Selanik hanlarının birçoğu zamanla ortadan kalkmış, kalanların bir kısmı ise şehrin Yunanistan’a geçmesinden sonra yıktırılarak yerini otel veya başka yapılara bırakmıştır. Bu çalışmada Selanik’te inşa ettirilen vakıf hanlar, vakfiyeler, arşiv belgeleri ve basılı kaynaklar kullanılmak suretiyle tespit edilmeye çalışılacaktır.

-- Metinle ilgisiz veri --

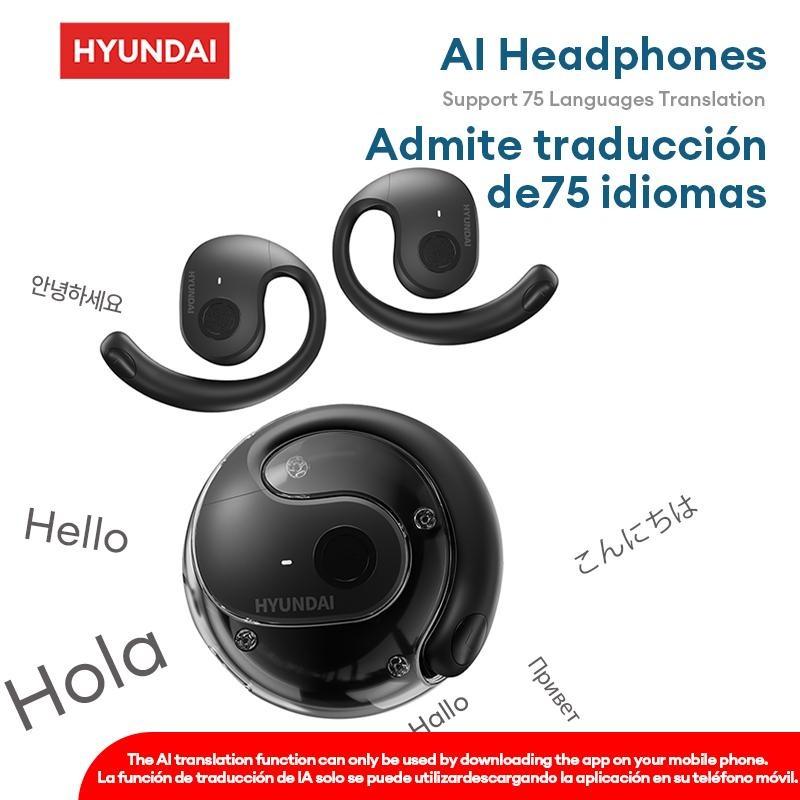 Hyundai HY-T26 Pro OWS Wireless Bluetooth Headphones  Support 75 Languages Bluetooth Translation And Playing Music And Phone Call Bluetooth Earbuds bluetooth  earphones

Salonika has become one of the most important cities of the Balkans with its port, geographical location, its connectivity to international trade, and its hinterland. Financial and commercial institutions built on the Ottomans’ command in the post-conquest period also played a role in the current situation of the city. The Ottomans turned the city into a vital center, equipping it with covered markets, inns, caravansaries, souks, and bazaars. Although covered markets were the center of trade, inns also played a key role, and many charity-run and privately owned inns were built, starting in Murad II’s reign and continuing until the early twentieth century. These buildings were classified as traveler inns and commercial inns. They were given a name referencing the ethnicity or name of the innkeeper, or the size, location, or materials of the construction and were sometimes named for the owners. The inns provided accommodation for travelers, wanderers, soldiers, and captives who came to the city for a multitude of reasons. They also hosted commercial enterprises and contributed to the commercial life of the city, harboring offices, shops, and stores. The inns built by notable families in the nineteenth century also changed the commercial landscape of the city.
Lots of Salonika inns disappeared in time; some of the rest had been demolished after Greece was captured and left their place other buildings such as hotels etc. In this study, waqf inns were built will be tried to determine by using the endowment deeds, archive materials, and published sources.